Pendant notre test, les serveurs n’ont montré aucun signe de fatigue, quand bien même certaines voitures auraient des mouvements peu naturels et se téléporteraient parfois d’un ou de deux mètres. Comme d’habitude, la qualité du jeu en ligne dépendra de votre connexion et de celle de vos concurrents. Dans son aspect strictement communautaire, le titre de Turn 10 possède un mode photo complet, de quoi créer et partager ses livrées ainsi que ses réglages pour les bolides acquis. De l’habituel pour un Forza. Dans les petits plus, nous apprécions qu'un pilotage automatique s'active quand le joueur met en pause lorsqu'il est en ligne. Cela permet de régler une situation urgente dans la vraie vie sans devoir obligatoirement finir dans le talus ou quitter l'épreuve. Attention, si le jeu 100 % déconnecté d’Internet est bien autorisé, ce dernier se cantonne au mode course libre. En d’autres termes, si vous souhaitez avancer dans la campagne solo, il faudra impérativement être connecté.
Conclusion
Points forts
- Les sensations de conduite, très bonnes
- Une tonne de paramètres et aides pour convenir à tout le monde
- Cycle jour-nuit et météo dynamique (aux effets variés) sur toutes les pistes
- 500 véhicules à améliorer jusque dans leurs moindres détails
- Beau et fluide, avec du ray tracing même en 60fps
- Bruitages et sonorisation exceptionnels
- IA qui prend le relai à plusieurs quand on met en pause (mode autonome)

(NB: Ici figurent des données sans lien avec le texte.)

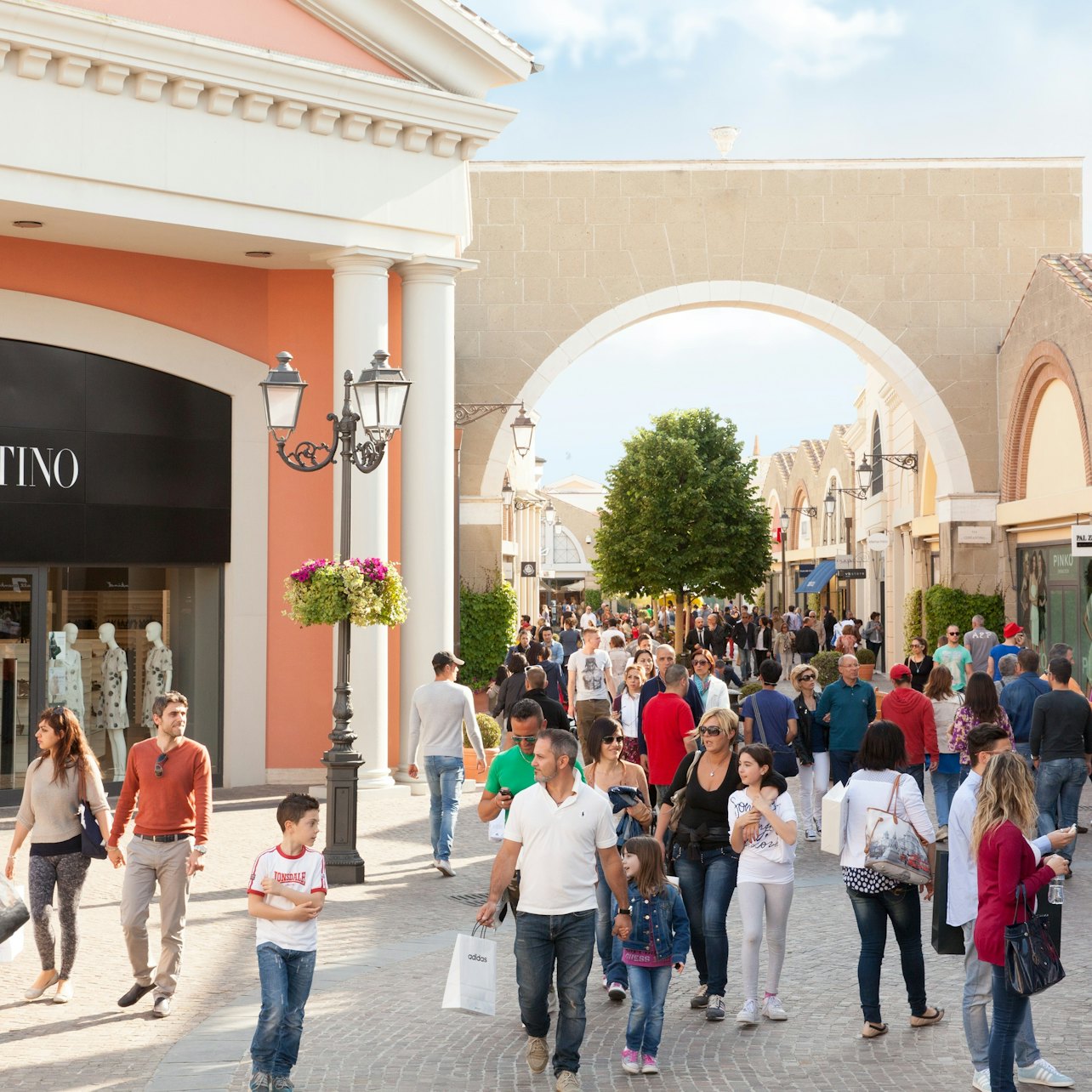 Picture of Navette vers le Rome Designer Outlet in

- Multi en ligne réussi et 100 % personnalisable
- Un mode photo, un éditeur de livrées, des dégâts visibles…
Points faibles
- La progression dans la campagne trop à l’ancienne… et avec connexion obligatoire !
- Austère dans sa présentation générale (menus, chargements réguliers, absence de musiques en course, etc.)

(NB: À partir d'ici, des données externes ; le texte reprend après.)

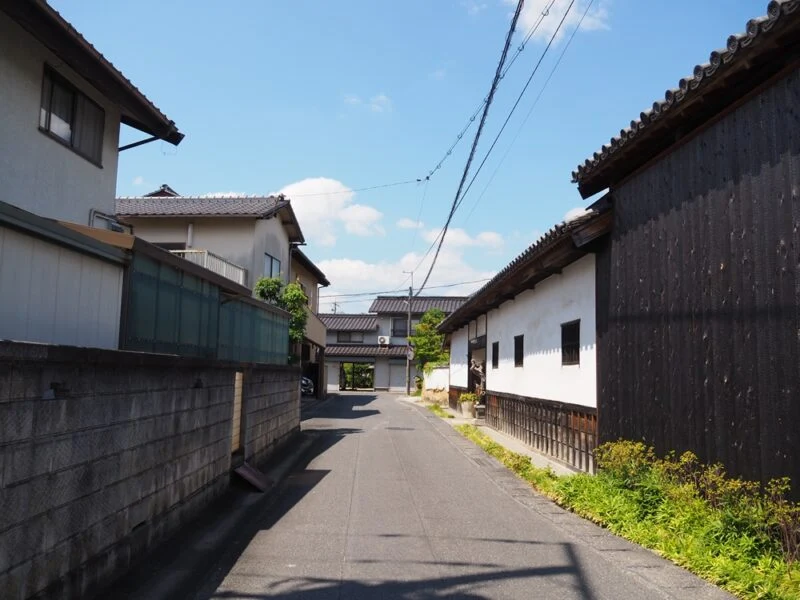 三宅商店カフェ工房_道_右手にカフェ工房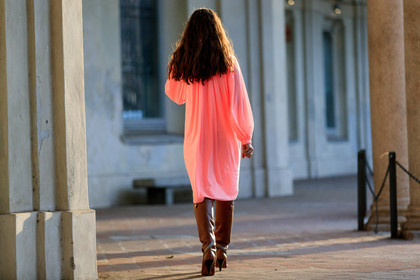 brown boots, high boots, high heels, leather shoes, pink dress, zip, fashion week, frenchystyle, FW, jonathan paciullo, street style, MFW, MILAN, AUTUMN WINTER 2018-2019, FALL WINTER 2018-2019, FW 18-19, horizontal, atmosphere details, full length, erika boldrin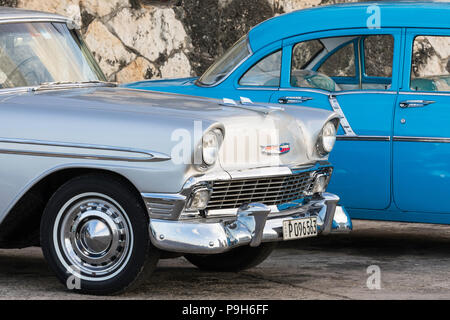 Klassische amerikanische Autos, Taxis, lokal bekannt als "almendrones" in Havanna, Kuba verwendet. Stockfoto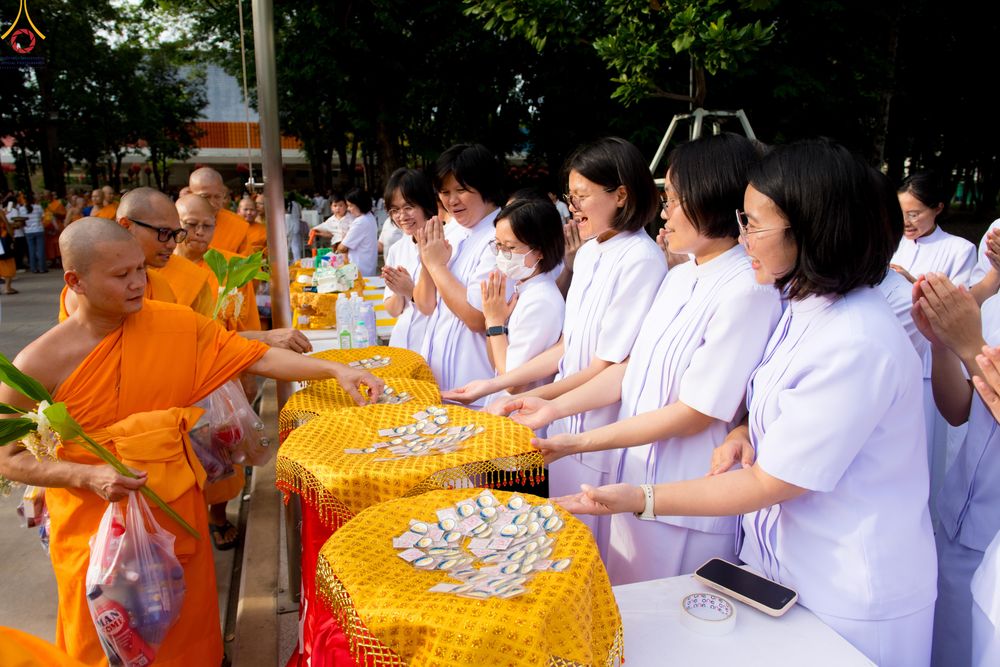 ภาพ No.342103:วันพฤหัสบดีที่ 30 กรกฎาคม พ.ศ.2569 วันเข้าพรรษา วัดพระธรรมกาย
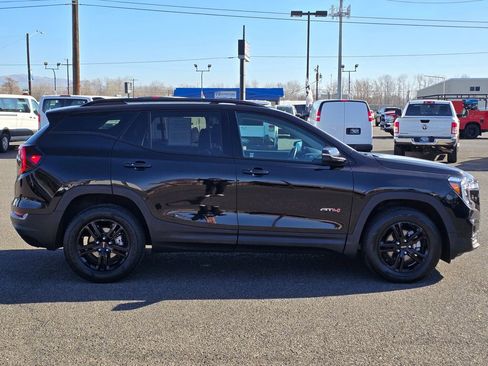 Used 2023 GMC Terrain AT4 image 6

- 20 circuits seulement, avec des absences remarquées (pistes urbaines)
- L’amélioration de pièces qui se débloque avec de l’XP est inutilement contraignante
- Pas de multijoueur en écran partagé
Note de la rédaction
Avec ce Forza Motorsport édition 2023, Turn 10 remet les compteurs à zéro et livre un jeu de course automobile disposant d’un châssis en titane capable de porter la licence pendant plusieurs années. Beau, fluide, offrant de très bonnes sensations "simcade" de conduite, il propose les modes qu’il faut avec les paramètres nécessaires pour satisfaire presque tout le monde. À la fois ultra permissif (dans son challenge) et restrictif (dans les améliorations à débloquer), ce reboot se cherche un peu. Visant un très large public grâce à ses nombreuses options, il n’en demeure pas moins dédié aux férus de jolis bolides, ceux qui sont capables de passer outre son aspect définitivement austère (et l'absence de circuits urbains) pour se laisser happer par les joies de la compétition motorisée, en solo comme en ligne. Du beau boulot.